I expect a few new policy teams to gain prominence. Firstly, alignment of stablecoin rules. While equivalence is a politically difficult idea, global stablecoins issued in multiple countries (ie USDC) are compelling U.S., U.K. and EU regulators in particular to consider alignment. Secondly, permissibility for use of stablecoins in settlement of capital markets transactions. This remains a big issue in the U.K. and EU. Thirdly, wholesale CBDCs. The EU is fast approaching issuing one – potentially the missing link for interbank settlement of tokenized deposits.
4. Working out how “decentralized” is “decentralized enough”
For years, we have been speculating if and when decentralized finance (DeFi) will be subjected to some sort of regulatory requirements, imposed on somehow identifiable points of centralization. Yet, while there are a number of policy publications and regulatory working groups on this issue, no major jurisdiction has made a decisive move. Arguably, the Central Bank of the UAE took a first step with their most-recent framework, although a lot of details on the practicalities are still to be determined.
While 2025 was, yet again, not the year in which DeFi was regulated, there are a few drivers of more regulatory focus in 2026.
Firstly, the SEC’s “innovation exemption” – this will be a time-and-purpose-bound waiver of certain regulatory obligations. It may give U.S. institutions certainty that partnering with a DeFi project will not be dismantled through new rules or new enforcement.
Secondly, the Market Structure Bill. One of the biggest unresolved questions stalling Senate progress is how DeFi, its developers, and non‑custodial software should be treated under federal securities and commodities laws. The expectation here is for clear protections for software developers (especially open source), validators, and self‑custody set ups.
Thirdly, increased TradFi connectivity.
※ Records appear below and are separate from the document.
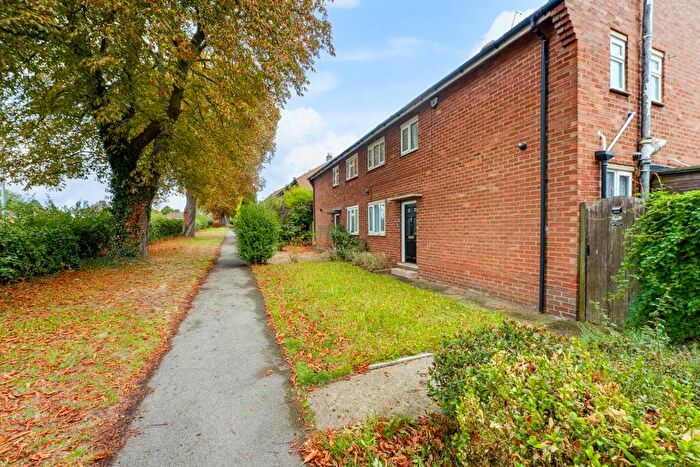 3 Bedroom Semi Detached House For Sale In Pytchley Road, Kettering, NN15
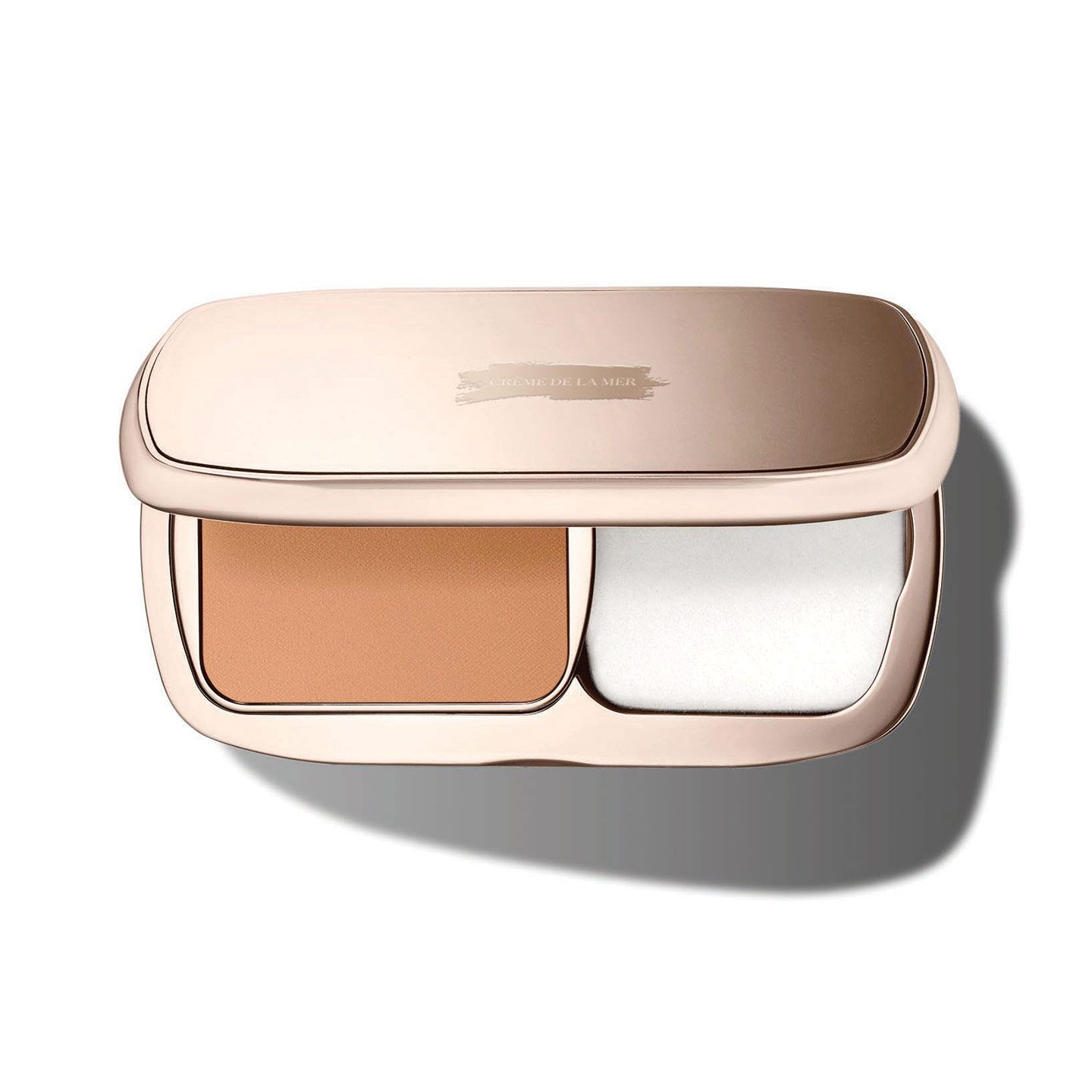 ザ・ソフト モイスチャー パウダー ファンデーション〈SPF30〉 全6色 ¥14,500・レフィル¥11,000(7月8日発売)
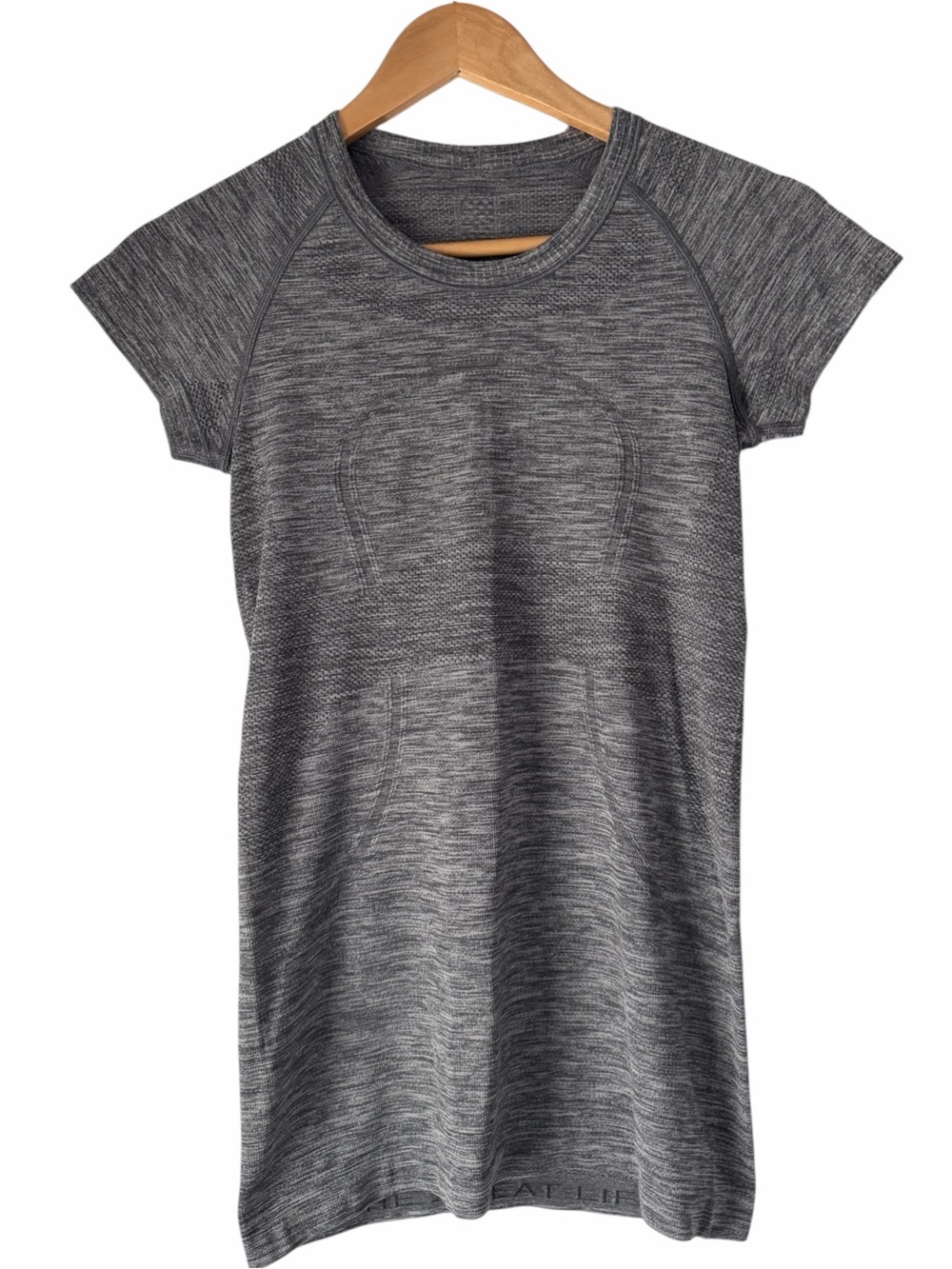 Lululemon Swiftly Tech Short Sleeve Shirt – Women’s Size 4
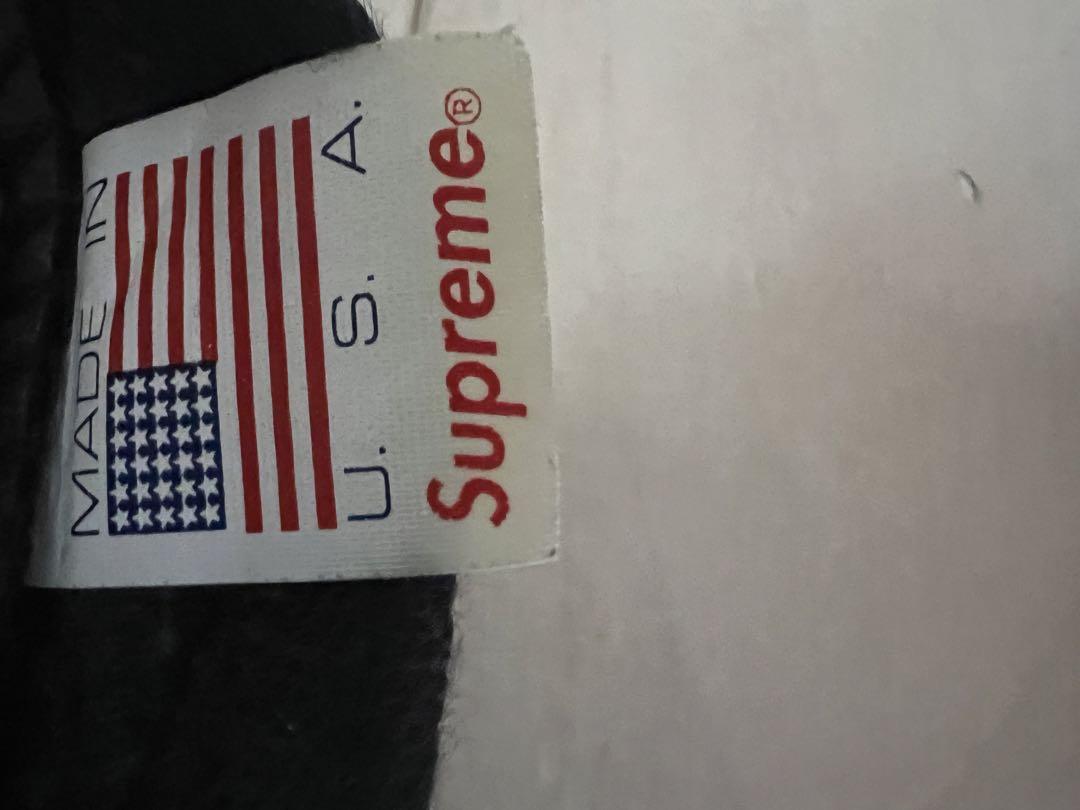 supremeキャップ　黒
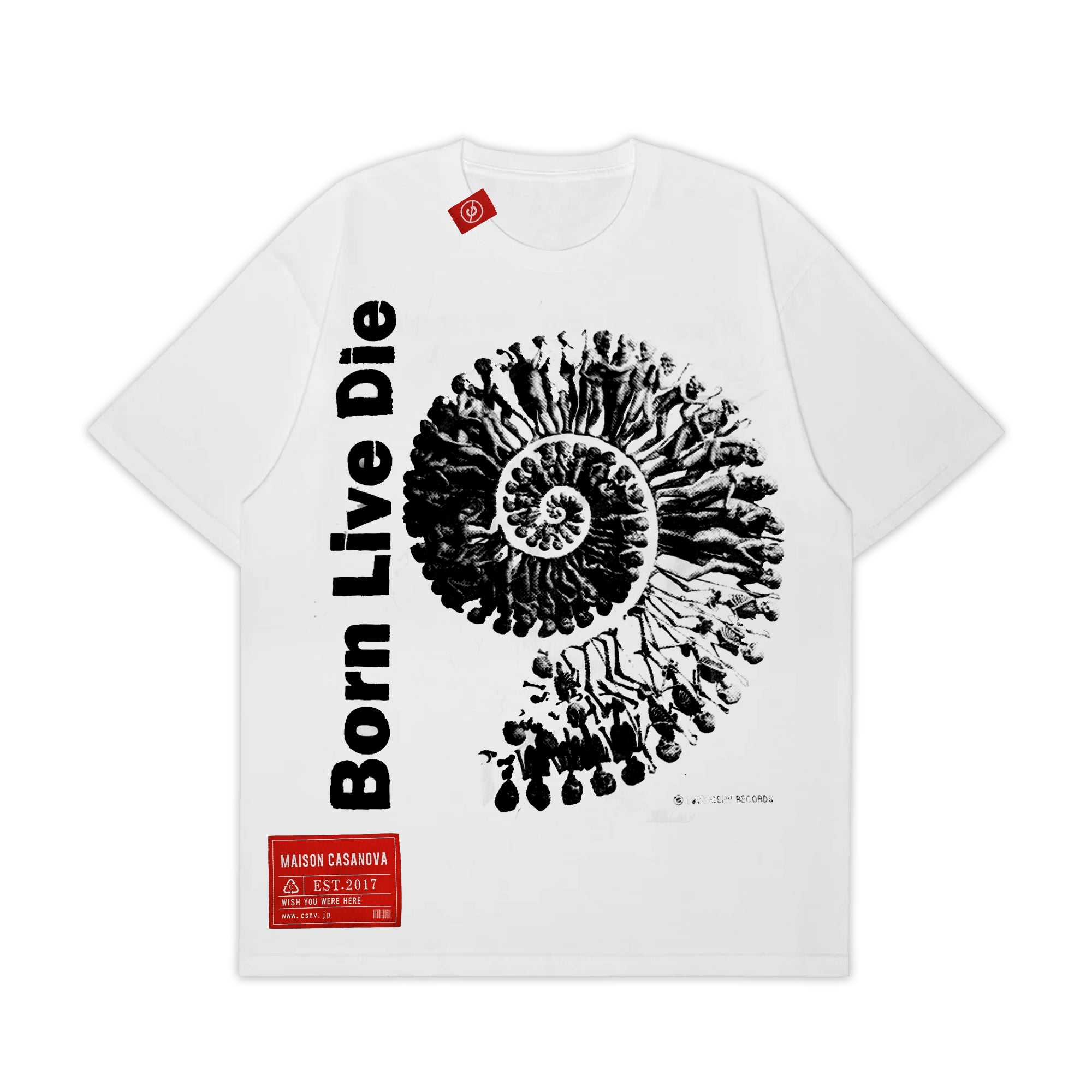 メゾンカサノバ 白のグラフィックTシャツ。フロントに縦書きで「Born Live Die」の文字と、人が渦を巻くようなモノクロイラスト。左裾に赤いブランドラベル付き。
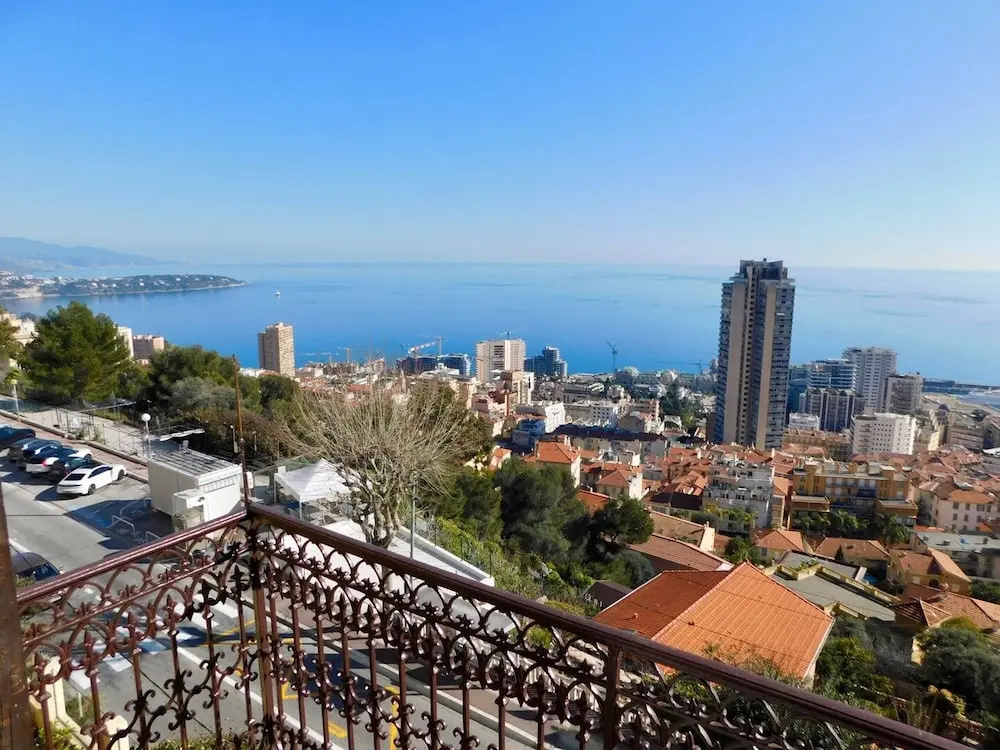 2 Rooms With 180 View on sea and Monaco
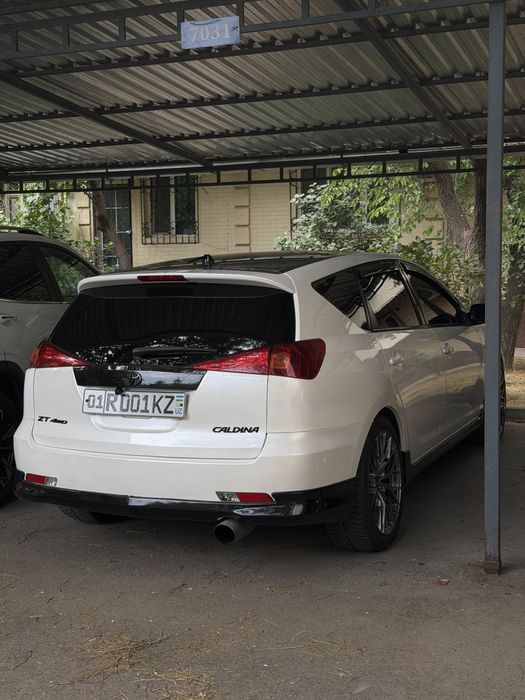 Продается Японец Toyota Caldina 4WD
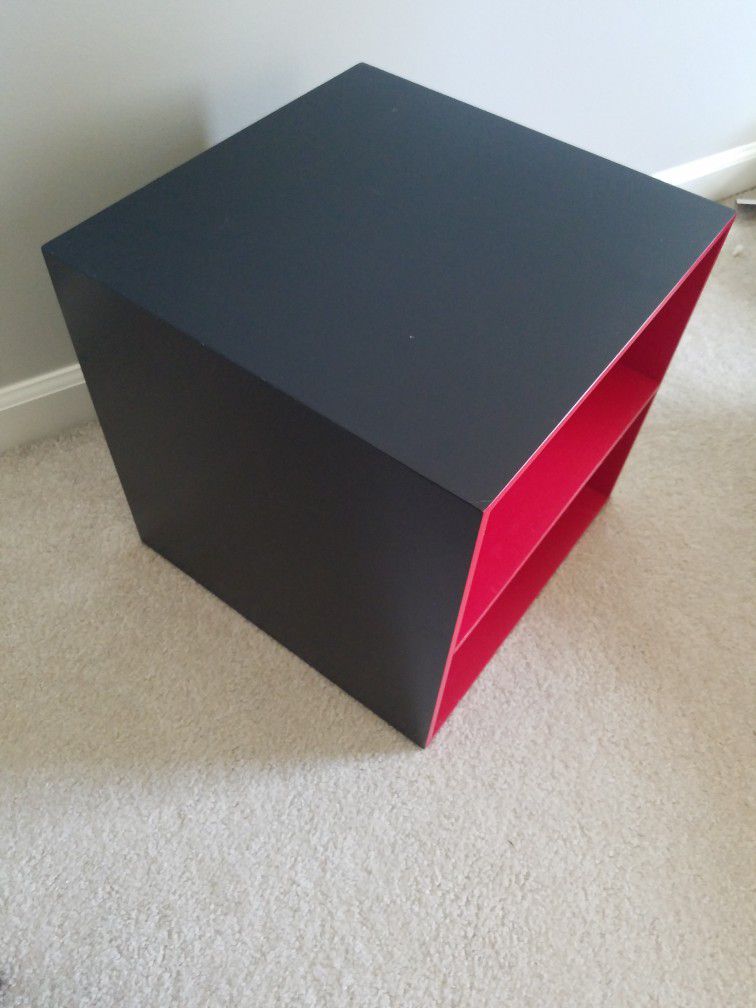 Shelf Cube organizer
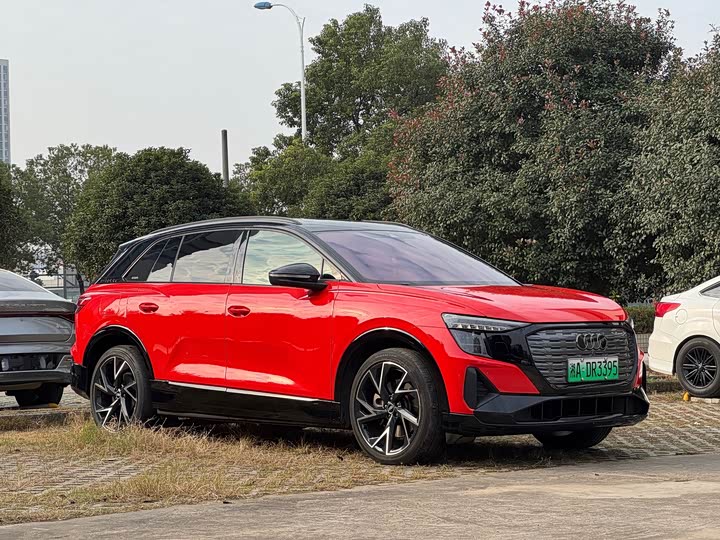 Фото 3 - Audi Q5 e-tron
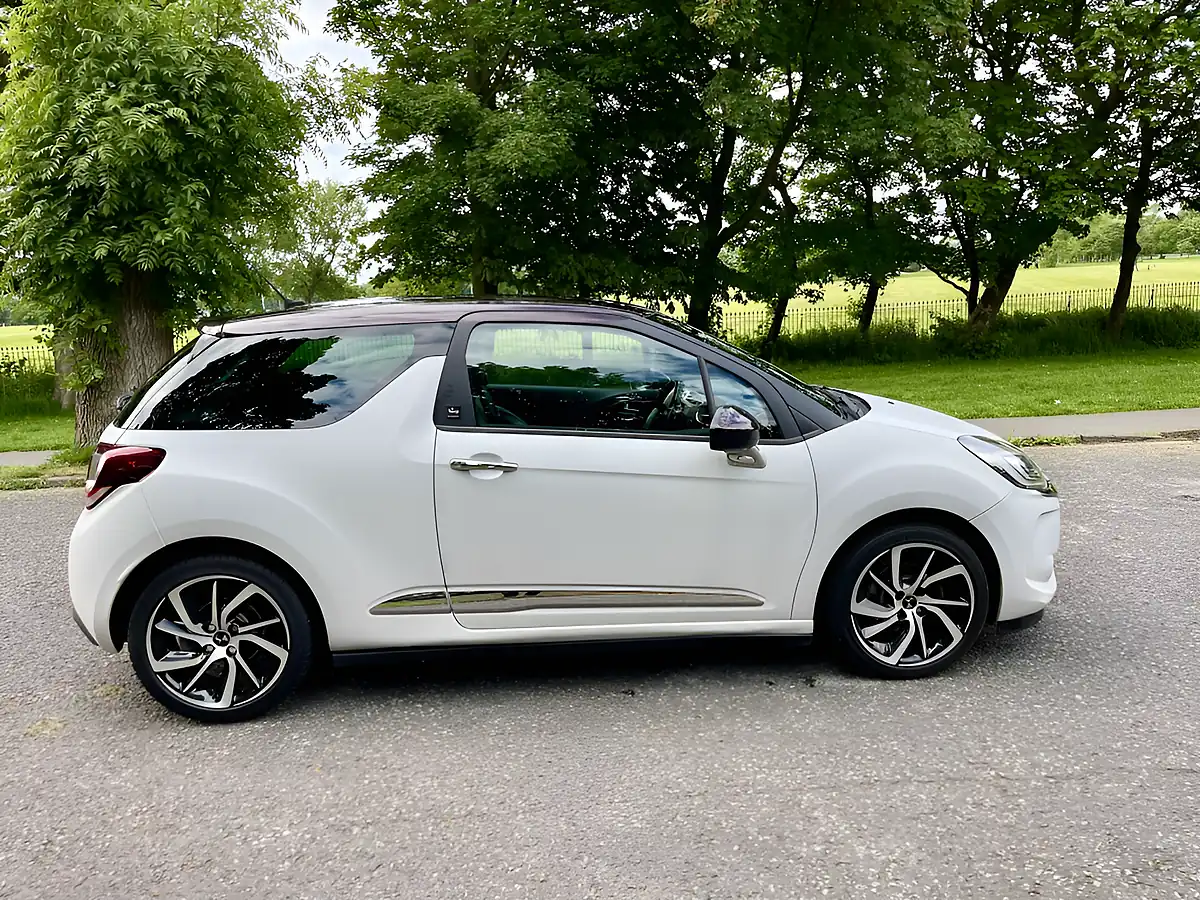Used 2016 DS DS 3 Givenchy Le Makeup White - Interior and Exterior details 6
The rotation of more institutional capital to DeFi can attract regulatory attention but it also gives space for the industry to work out risk management best practices ahead of a regulatory mandate.
5. Unlocking tokenization of financial instruments
Industry reports anticipated that 2025 would advance tokenization frameworks for securities, funds, bonds and other real-world assets (RWAs), including via wholesale markets pilots and clearer custody/segregation rules for tokenized instruments.
In 2025, political support for RWA tokenization seemed to run ahead of both regulatory clarity and as industry interest. Leaders from SEC Chairman Atkins, to the UK Chancellor, to Hong Kong’s Chief Executive, and MAS Managing Director in Singapore, all took stage to declare their capital as the aspiring hub for tokenization. Regulatory activity in support of these claims is lagging, but trickling through.
As the grey areas are still substantial, we expect 2026 to see more RWA tokenization in geographies where the political narrative extends a permissive umbrella. We expect reliance on “sandboxes” or “pilot regimes” to be an industry deterrent, contrary to how these structures are intended to be. We also expect TradFi commercial interests to dictate advocacy in this space much more obviously.
What the rearview mirror tells us about the road ahead
As we approach 2026, the policy imperatives are to shift from navigating the “unknown unknowns” of digital assets to operating within a more defined landscape, still filled with key “known unknowns.”
Together with market and interest rate developments, this environment will benefit institutions seeking to gain commercial territory ahead of their competitors, and ahead of innovation bets becoming commonsense logic.